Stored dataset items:

BEGIN

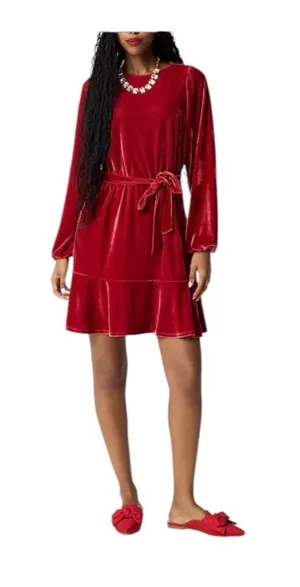 J. Crew Velvet Berry Sangria Toe Waist Wrap Mini Dress Size XL‎ thumbnail 1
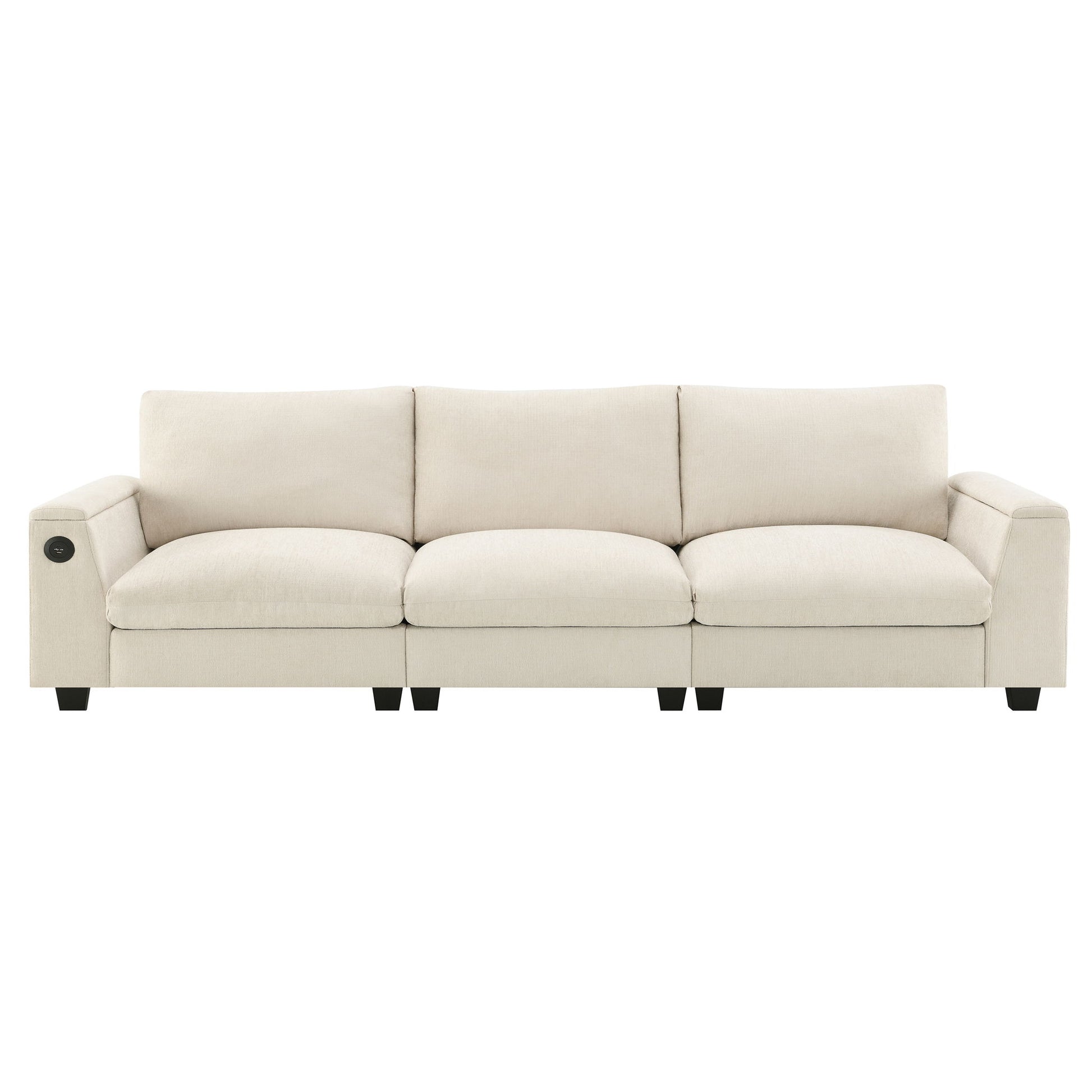 Sectional With Bluetooth Speaker Comfy Cloud Couch Set With Drop Down Table Cup Holders, USB Charger Storage Armrest Wide Seat Sofa - Best Buy Furniture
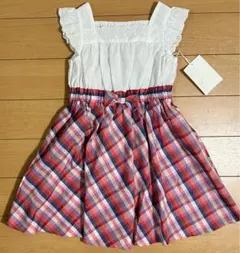 【新品】ショパン110cm マドラスチェック切替ワンピースのサムネイル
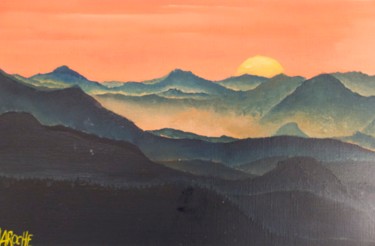 Painting titled "Sunset in Mercantour" by Pierre Laroche, Original Artwork, Oil Mounted on Cardboard
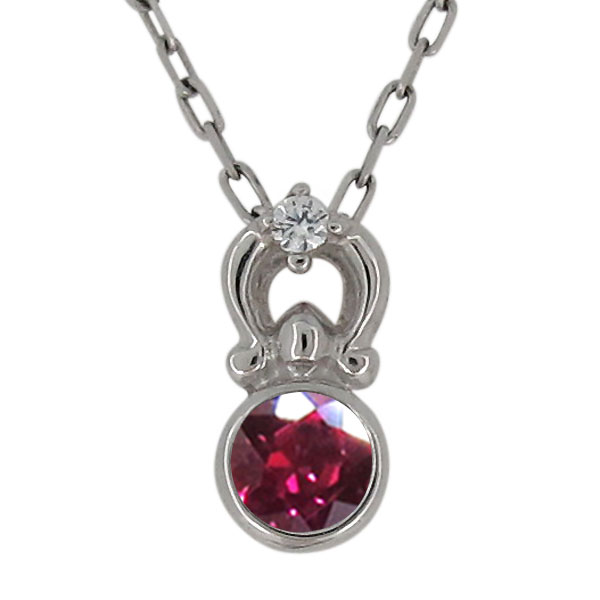 ネックレスシルバールビー7月誕生石...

END

▶ [EXERCISE BRIEF]: Your answer is an exact copy of the records above, stripped of pictures.

▶ [YOUR RESPONSE]:
 J. Crew Velvet Berry Sangria Toe Waist Wrap Mini Dress Size XL‎ thumbnail 1
 Sectional With Bluetooth Speaker Comfy Cloud Couch Set With Drop Down Table Cup Holders, USB Charger Storage Armrest Wide Seat Sofa - Best Buy Furniture
 【新品】ショパン110cm マドラスチェック切替ワンピースのサムネイル
 Painting titled "Sunset in Mercantour" by Pierre Laroche, Original Artwork, Oil Mounted on Cardboard
 ネックレスシルバールビー7月誕生石...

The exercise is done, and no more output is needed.